November 18, 1965.  It is the day my sister was born, and the day I feel like I should have been ensured a partner in crime for life.  There’s so much I’ve gone through that I wish I had been able to have Bean here with me to share, but the sadness I feel at not having her here is quickly replaced by the joy I have in my heart that we had her in our lives at all.

I am forever truly thankful.

For Bean.

March 7 – Our Day That Will Live in Infamy

On March 7, 2003, I woke up, got Brighid up for school, got Eilis up and dressed, and got ready to drive Brighid to school.  My sister Bean lived with me, and she was still sleeping when I left.

When I came home, I went in to wake her up.  She had gone to bed early the night before, complaining of a stomach bug.  We had just gotten back from Florida two days earlier, and although Bean hadn’t gone with us, we fought a stomach bug throughout the vacation, so I naturally assumed she picked it up from Brighid.

I opened the bedroom door, found her laying in bed, and yelled at her.  Yep, I yelled.  She had promised to make Irish potatoes for Brighid’s Brownie meeting that afternoon.  The girls were going to have a bit of a St. Patrick’s Day party, and Bean volunteered to make her delicious candy treats.  When she told me she didn’t think she could get up to make them, I was furious.  I already had a full day stacked up, and now I had to run to the grocery store, pick up all the ingredients, and make the candy myself.  And, god damn it, I didn’t know the recipe.

Bundling up Eilis, I headed back out to the store.  I can’t really repeat all the nasty things I said about my sister, as I’ve already “god damned” once in this blog, and I’d hate to go overboard with the language.  Let’s just say there weren’t thoughts of sunshine and rainbows as I gathered up the ingredients, thinking of the burden my day now held with the added responsibilities of “Candy Maker”.

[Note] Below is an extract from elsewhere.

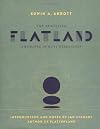 The Annotated Flatland: A Romance of Many Dimensions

When I came home, I didn’t hear the shower.  She swore to me she would get in the shower while I was gone, and I had even gotten pissed enough to call my mother, put my mother on the phone, and make her tell Bean to get a shower.

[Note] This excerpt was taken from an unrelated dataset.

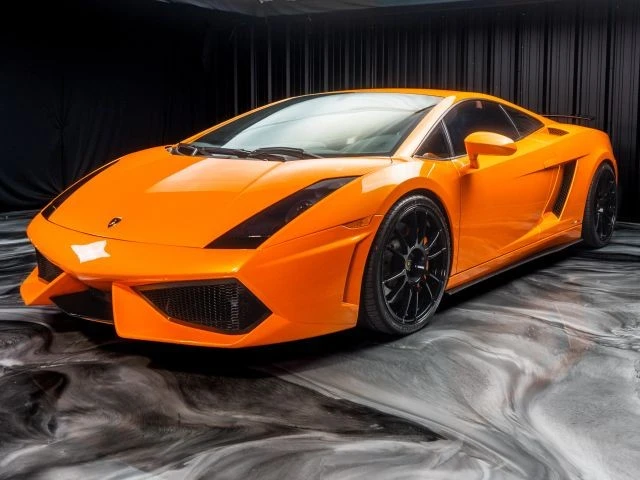 2006 Lamborghini Gallardo - Image 4 of 19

I took Eilis downstairs, put her in her walker, and went upstairs, with all the venom of 1000 rattlesnakes waiting to spew forth at my sister.  I shoved open the bedroom door, and she wasn’t there.  Well, what the hell?  I knocked on the bathroom door, but I got no answer.  So I opened it.

While I will never, ever, ever, ever forget what I found when I opened the bathroom door, the thing I will remember forever and a day is the bitterness and anger I had for Bean that whole morning.  My last words to her were mean, hate filled, and nasty.

And I never got to take them back.  Or make up for them.  Or let her know I didn’t mean them – it was the frustration speaking.

The best I could do to take back the things I said was to write her eulogy, reminding myself as I reminded everyone else of the good person she was.

Bean is still the best person I have ever known.  We got along like oil and water sometimes, but honestly, there is no heart bigger; no soul gentler; no person kinder than my sister.

And I miss her as much now as I did the first minute I realized I didn’t have her anymore.